09/03/2025
"Television cameras seem to add ten pounds, so I make it a policy never to eat television cameras."
Kitty Carlisle Hart
– September 3, 1910
She danced on Broadway, was pals with Rudolph Valentino, filmed with The Marx Brothers, and she was a confidant of Irving Berlin, George and Ira Gershwin, and Cole Porter.
Born Catherine Conn, the daughter of a strict Jewish family in New Orleans, Hart wrote: "I wasn't allowed to go to the movies. It was considered oh, not proper for children to go to the movies. " So, as a kid, she was taken to concerts instead.
She went to Hollywood in 1934 and made three films before her big break the best Marx Brothers film, A NIGHT AT THE OPERA (1936), where she met Moss Hart, who visited the set with Cole Porter.
Moss Hart had a long, successful collaboration writing with George Kaufman, the first playwright to win a Pulitzer Prize. Hart and Carlisle married in 1946, and Hart introduced his wife to the upper crust of New York society and notables of the theatre world.
She made her television debut in 1949, appearing regularly on the panel of the game show I'VE GOT A SECRET. She was the only panelist to appear on every episode of the original TO TELL THE TRUTH from 1956 to 1991. Hart: "People remember me from television, not from A NIGHT AT THE OPERA. They have no idea that I played the lead and did all the singing, but they do remember television."

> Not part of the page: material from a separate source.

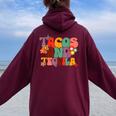 Tacos And Tequila Cinco De Mayo Groovy Mexican Drinking Women Oversized Hoodie Back Print Maroon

As Hart's charming wife, she protected her husband's secrets. She was married to Hart for the last 15 years of his life, and although he died 1961 at just 57 years old, she lived another 46 years, never remarrying. In Steven Bach's DAZZLER: THE LIFE AND TIMES OF MOSS HART (2001), Bach reveals that throughout the marriage, Hart had plenty of assignations with men. Kitty Hart never made a public comment about the book, but until the end, she continued to de-gay her husband's story despite his affairs with agent some of the men mentioned in his dazzling love letter to the theatre, ACT ONE (1959). After his death, Hart sealed her husband's diaries and blocked any materials that contained evidence of his gayness.